* _Input_:
********

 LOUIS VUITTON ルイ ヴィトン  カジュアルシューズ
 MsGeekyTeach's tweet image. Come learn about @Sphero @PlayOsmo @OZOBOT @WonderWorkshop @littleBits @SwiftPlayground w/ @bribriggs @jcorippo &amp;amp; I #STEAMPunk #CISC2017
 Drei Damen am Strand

********

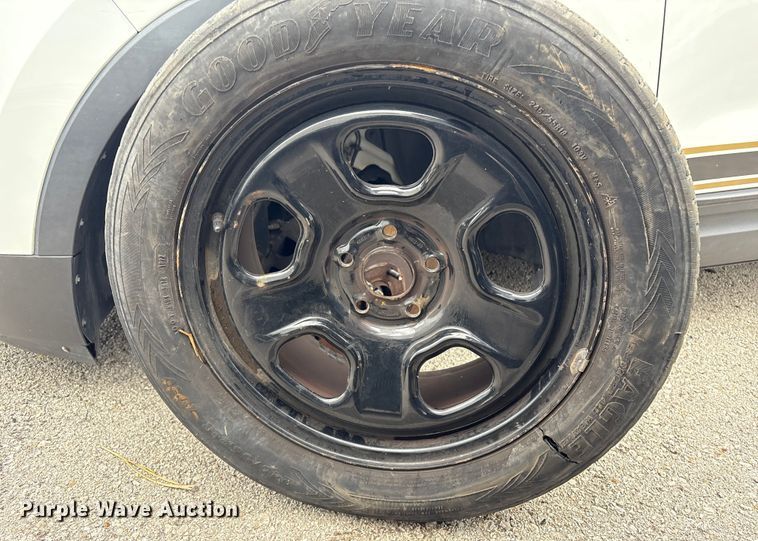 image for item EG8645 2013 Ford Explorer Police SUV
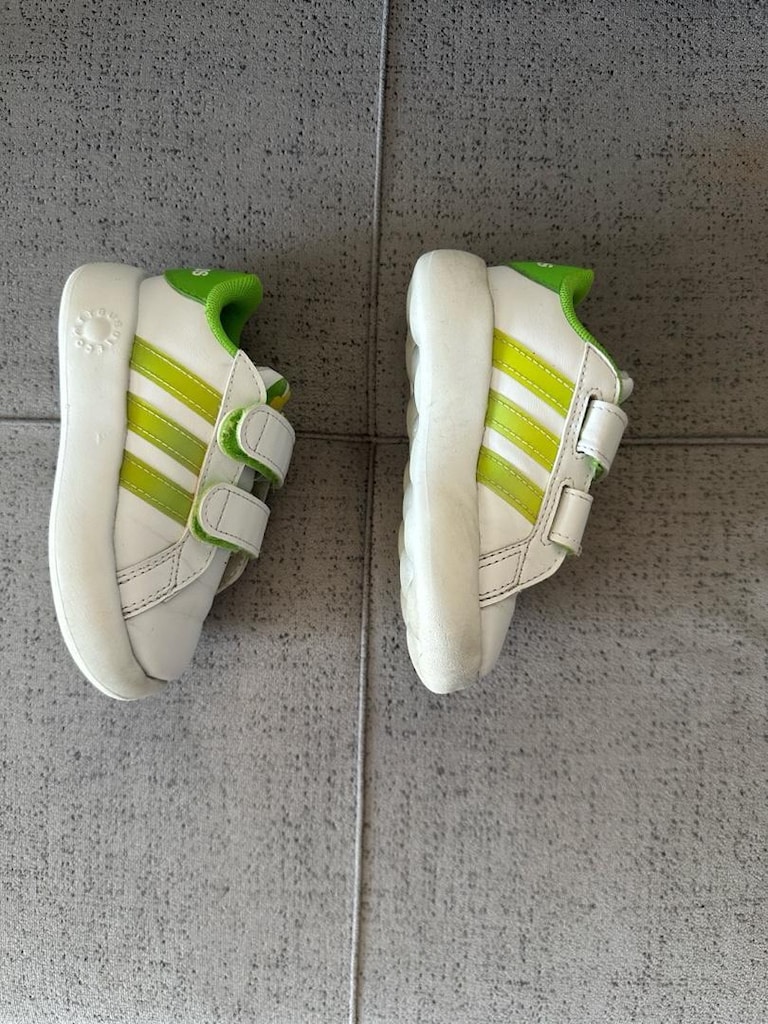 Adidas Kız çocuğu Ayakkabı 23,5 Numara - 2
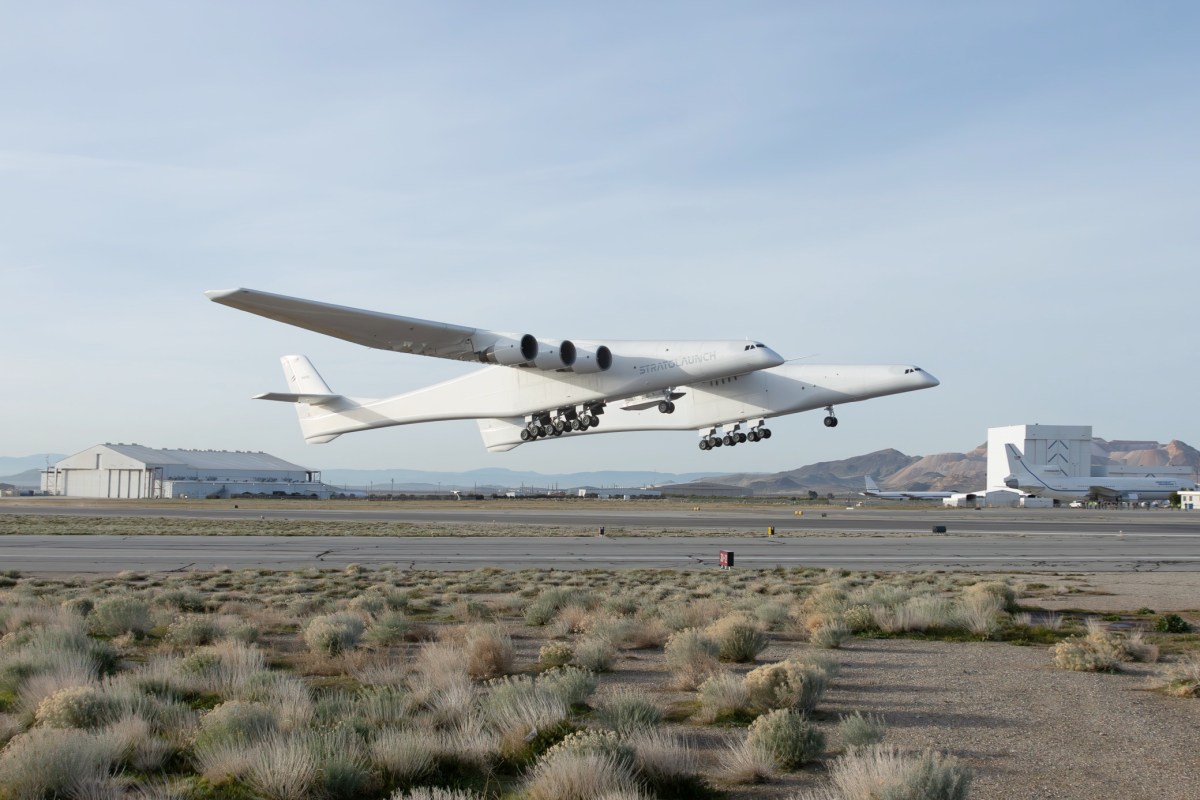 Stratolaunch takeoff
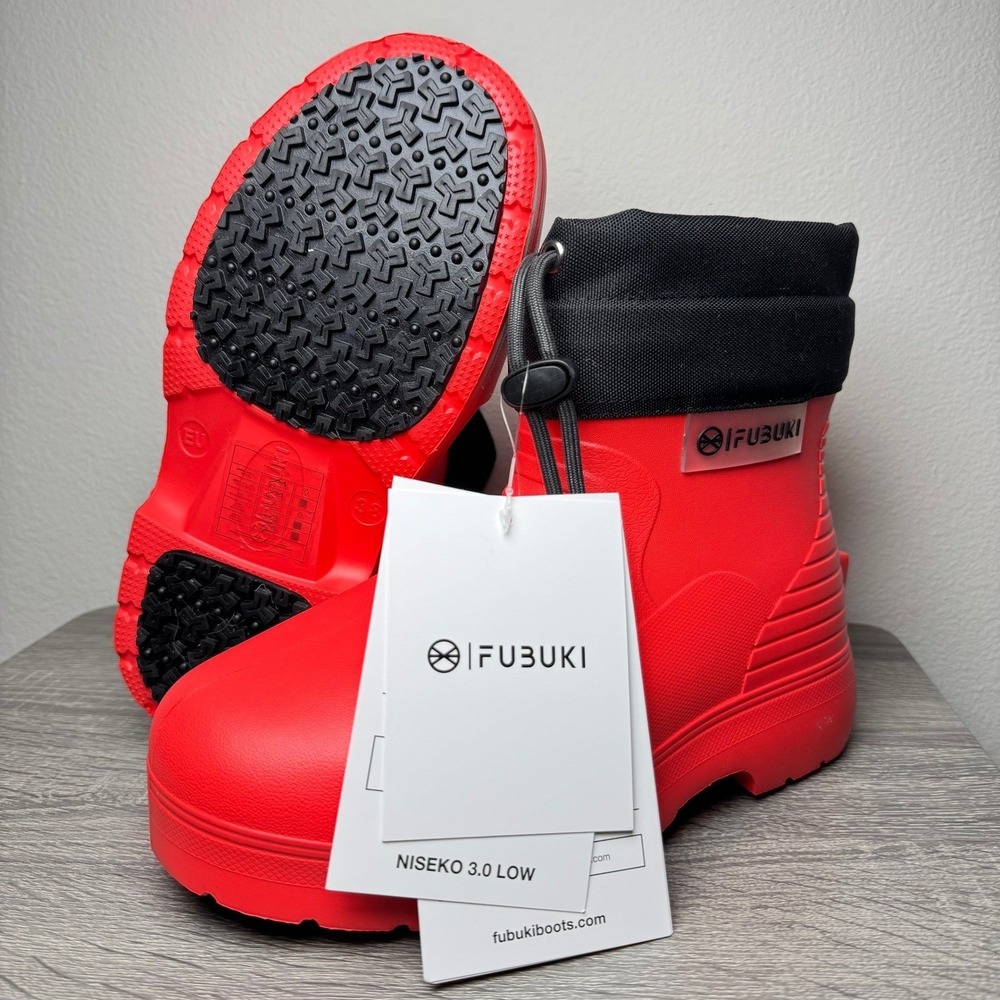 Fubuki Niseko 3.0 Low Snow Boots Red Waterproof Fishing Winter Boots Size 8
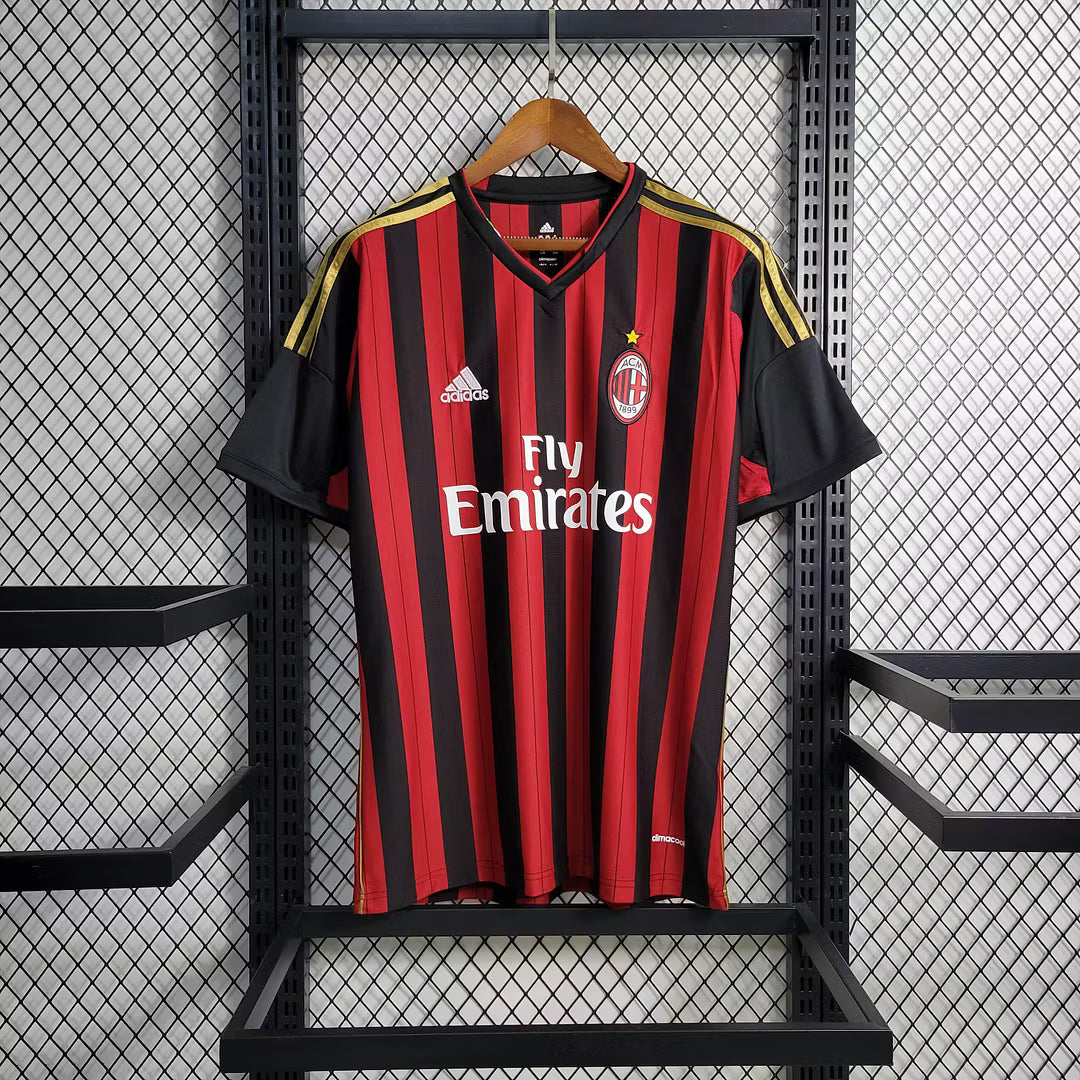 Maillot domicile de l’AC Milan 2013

********

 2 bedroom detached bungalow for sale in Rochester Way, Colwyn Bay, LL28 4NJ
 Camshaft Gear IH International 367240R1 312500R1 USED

********

* _Exercise_:
Among the entries above, copy exactly the stretch from the line holding "Adidas Kız çocuğu Ayakkabı 23,5 Numara - 2" through the line holding "Maillot domicile de l’AC Milan 2013", leaving out any pictures.

* _Response to the task_:
 Adidas Kız çocuğu Ayakkabı 23,5 Numara - 2
 Stratolaunch takeoff
 Fubuki Niseko 3.0 Low Snow Boots Red Waterproof Fishing Winter Boots Size 8
 Maillot domicile de l’AC Milan 2013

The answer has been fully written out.